First sums, second doesn't -> why?

Question

<!-- first -->
<script>
var total = 0;
var newAccumulator = function()
{
  return function(i) { total += i; };
}

var foldl = function(arr, putNum)
{
  for (var i = 0; i < arr.length; ++i)
  {
    putNum(arr[i]);
  }
}

foldl([1, 2, 3, 4], newAccumulator());
document.write("Sum: " + total + "<br/>");
</script>

<!-- second -->
<script>
var total = 0;
var newAccumulator = function(i)
{
  total += i;
}

var foldl = function(arr, putNum)
{
  for (var i = 0; i < arr.length; ++i)
  {
    putNum(arr[i]);
  }
}

foldl([1, 2, 3, 4], newAccumulator());
document.write("Sum: " + total + "<br/>");
</script>

Answer 1

It think you want

 foldl([1, 2, 3, 4], newAccumulator);

In the second call

Answer 2

You are executing newAccumulator in the fold1 function.

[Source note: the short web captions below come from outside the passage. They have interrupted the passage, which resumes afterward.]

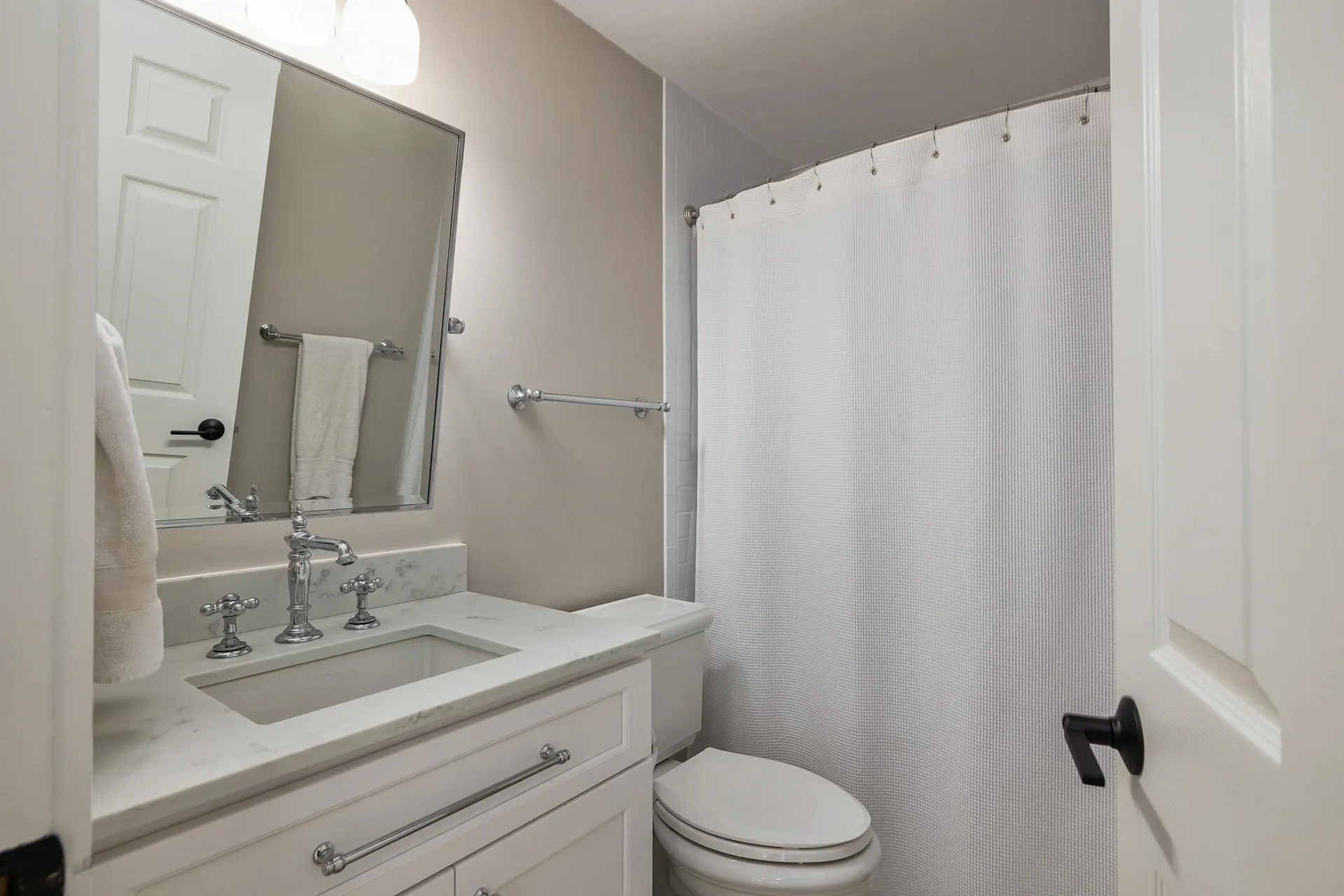 253 Odiorne Point Road Portsmouth NH 03801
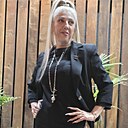 Знакомства: Ленок, 47 лет, Хайфа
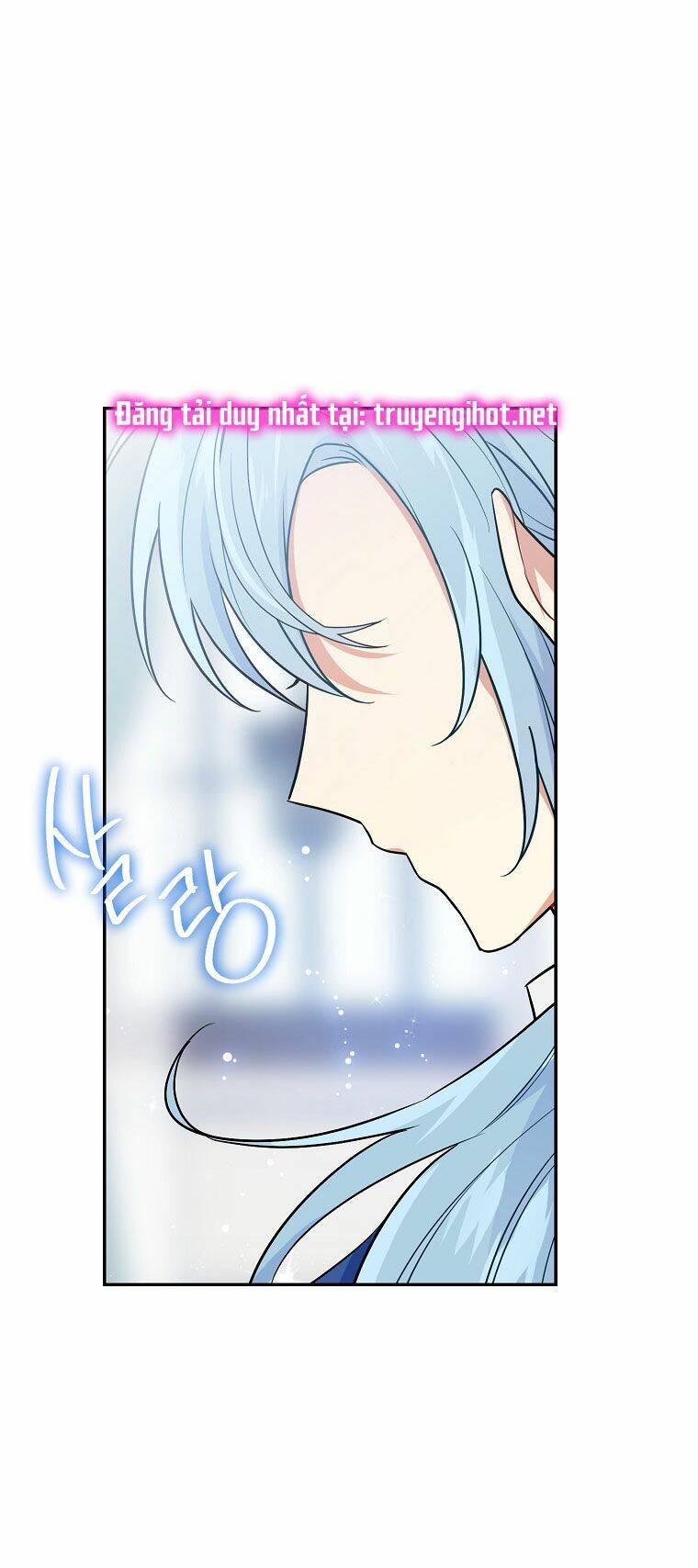Tôi Là Tiểu Thư Của Gia Đình Này: Chapter 150.4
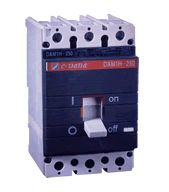 Moulded Case Circuit Breaker LM3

Pass in newAccumulator instead of newAccumulator();

old

foldl([1, 2, 3, 4], newAccumulator());

new

foldl([1, 2, 3, 4], newAccumulator);

Answer 3

In the call to foldl you call the newAccumulator function:

foldl([1, 2, 3, 4], newAccumulator());

In the first case this returns a function that does the summing up:

return function(i) { total += i; };

In the second case the call to newAccumulator doesn't return anything, so foldl doesn't have a function it can call to calculate the sum.
You should pass newAccummulator directly to foldl , not the value it (doesn't) return:

foldl([1, 2, 3, 4], newAccumulator);

Answer 4

The second doesn't work because you aren't passing foldl a function.

In the first example, you execute newAccumulator, and newAccumulator returns a function, which is passed to foldl... Foldl uses that function to sum the numbers.

In the second example, you execute newAccumulator and pass the result, but the result of newAccumulator is not a function.

Also, the function you've named foldl is usually called 'foreach'. If you stored the results in an array it might be called 'map'. Foldl would normally accumulate the total itself by taking a function that adds the number to the total and returns the new total.